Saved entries
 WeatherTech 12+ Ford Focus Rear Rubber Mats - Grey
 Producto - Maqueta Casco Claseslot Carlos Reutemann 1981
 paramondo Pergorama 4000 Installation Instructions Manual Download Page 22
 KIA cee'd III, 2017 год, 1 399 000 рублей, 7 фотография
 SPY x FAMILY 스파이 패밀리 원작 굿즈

Exercise prompt>
Return the line that contains "paramondo Pergorama 4000", along with every line after it in the data above, exactly and with nothing else.

Result>
 paramondo Pergorama 4000 Installation Instructions Manual Download Page 22
 KIA cee'd III, 2017 год, 1 399 000 рублей, 7 фотография
 SPY x FAMILY 스파이 패밀리 원작 굿즈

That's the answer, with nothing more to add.